Chris Hipkins has been in waiting - as Labour’s spokesperson on education since 2013 and associate education spokesperson before that. He is now Minister of Education.
As a new dad with a 1 year-old Hipkins will see the benefits to families of Labour’s introduction of a Best Start payment of $60 a week for each child in the first year after Paid Parental Leave ends, and for low to middle income families up to age three.
He joined the Labour Party when he was Head Boy at a College in Petone in 1996 and studied politics at University. He worked as a policy advisor to Education Minister Trevor Mallard and then to Steve Maharey. You may recall that Trevor Mallard masterminded the 20 Hours Free ECE funding scheme for community-based teacher-led ECE services. Under Steve Maharey the scheme was extended to include all private teacher-led ECE services and the policy modified to enable ‘optional’ charging of parents by services.
While in opposition Hipkins could have launched an attack on National’s handling of early childhood education, focusing on any number of problems, for example:
- Large class size / and the burgeoning growth of mega ECE centres to the cost of small home-like centres and community-run centres.
- The Ministry of Education’s repeated refusal of requests for transparency in its handling and reporting of complaints against services and inadequate checking of ECE standards and the Minister of Education’s implicit support of this.
- The Minister of Education’s total lack of interest in addressing gender issues in the ECE workforce and the Ministry of Education lying about why it is doing nothing.
- The Minister’s hands-off approach to issues impacting on teachers’ work conditions in kindergartens when the government has a responsibility for this under the State Sector Act.
In opposition Hipkins could have held National strongly to account and made ECE a big issue in Election 2017. But he didn’t .
The story is told by media releases over the past 3 years.
March 23rd – Endorsed NZEI’s ‘Have a Heart’ campaign, and stated that under Labour ECE would be properly funded and all teachers would be qualified and registered.
July 14th – Outlined Labour’s policy for ECE (press release by Andrew Little)
No media releases by Hipkins on ECE
Oct 12th – Expressed opposition to the government funding of Home-Based ECE – nannies and au pairs. (Yet in 2007 it was Helen Clark and Steve Mahary who announced the start of 20 Hours Free ECE with the funding to include Home-based ECE unqualified nannies supervised by a registered teacher/ coordinator).

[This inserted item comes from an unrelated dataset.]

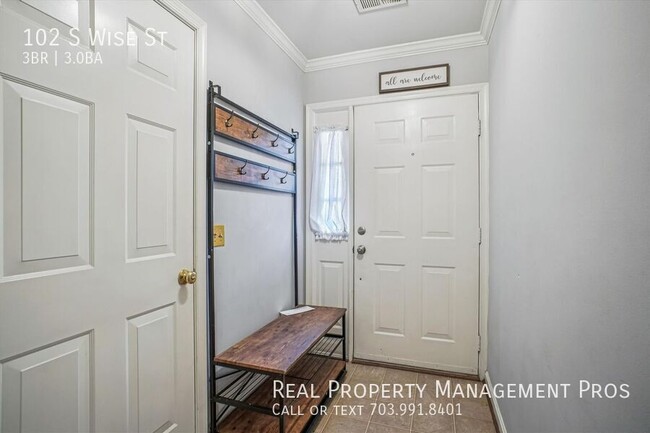 Photo - 102 S Wise St Townhome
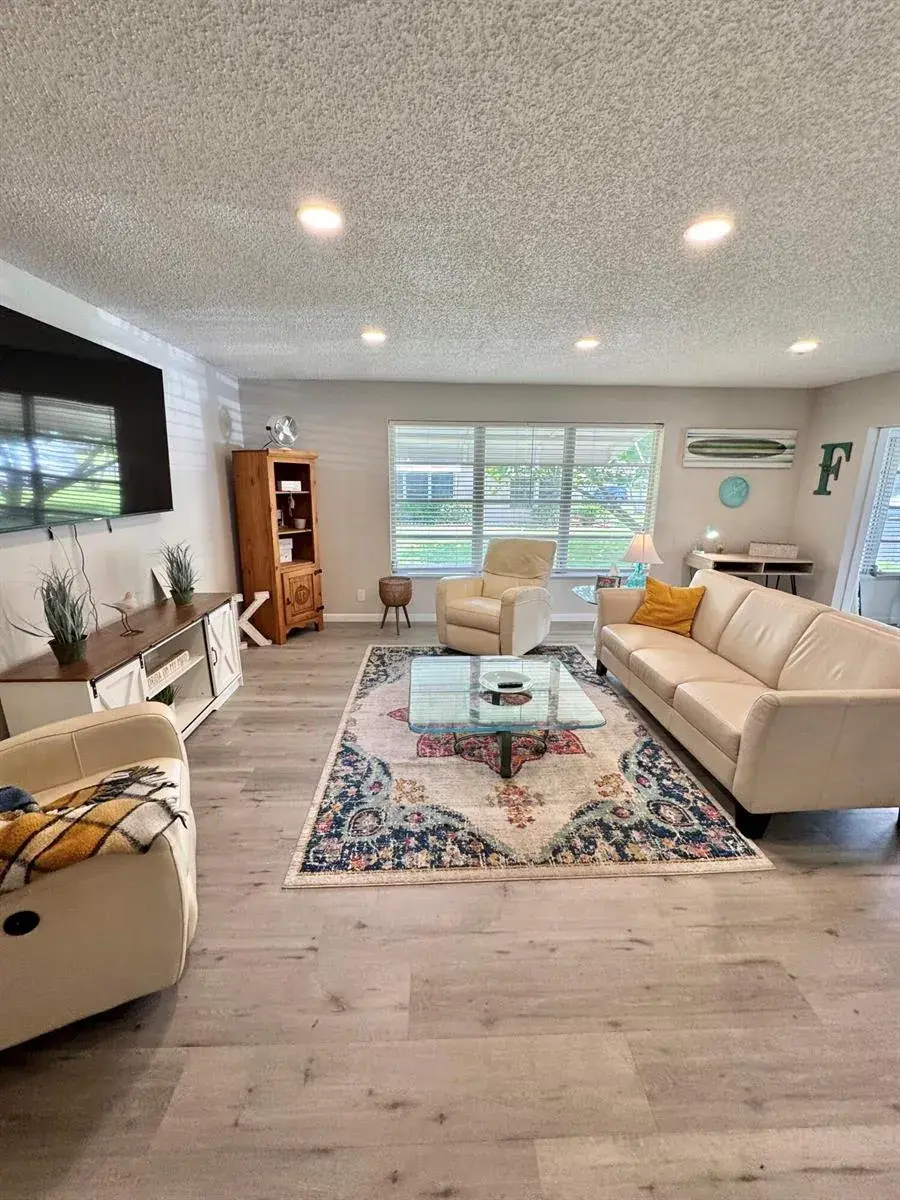 1342 High Point Way SE # D, Delray Beach FL 33445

Oct 15th – Used the pending teacher redundancies at Wellington kindergartens as a basis to argue that National was underfunding ECE.
Oct 20th – Used the increase in the number of Ministry of Education recorded complaints against ECE services to argue that National was underfunding ECE, affecting the employment of qualified teachers.
Nov 3rd – Stated Labour’s commitment to restore funding to service providers for the 100% qualified teacher funding band.
Nov 13th – Called the independence of ERO in question after a newspaper reporter claimed that the Ministry of Education had input into a report on ECE before ERO released it.
In 2014 Hipkins was invited to address the 8th National Summit on Men in EC Teaching in Wellington hosted by ChildForum on behalf of EC-Menz Inc. He spoke eloquently and connected well with the delegates and with the issues. However, Hipkins is yet to take any action to help move the issue of gender-balance in ECE forward.
And now …
It could be quite a different story now that Hipkins is Education Minister. And, as a Dad now of a growing toddler Hipkins may have a different perspective on ECE.
Perhaps he will take a leaf out of Trevor Mallard’s book and bring about fundamental changes in ECE (rather than only restoring what Mallard put in place)?
ECE was not included on Labour’s list of priorities for the first 100 days. Labour’s ECE election policy platform for ECE had a narrow focus on restoring the funding band for ECE providers that employ 80 – 100% qualified and certificated teachers and on requiring all centres to have 80% qualified teachers – which nearly all teacher-led centres already have in any case.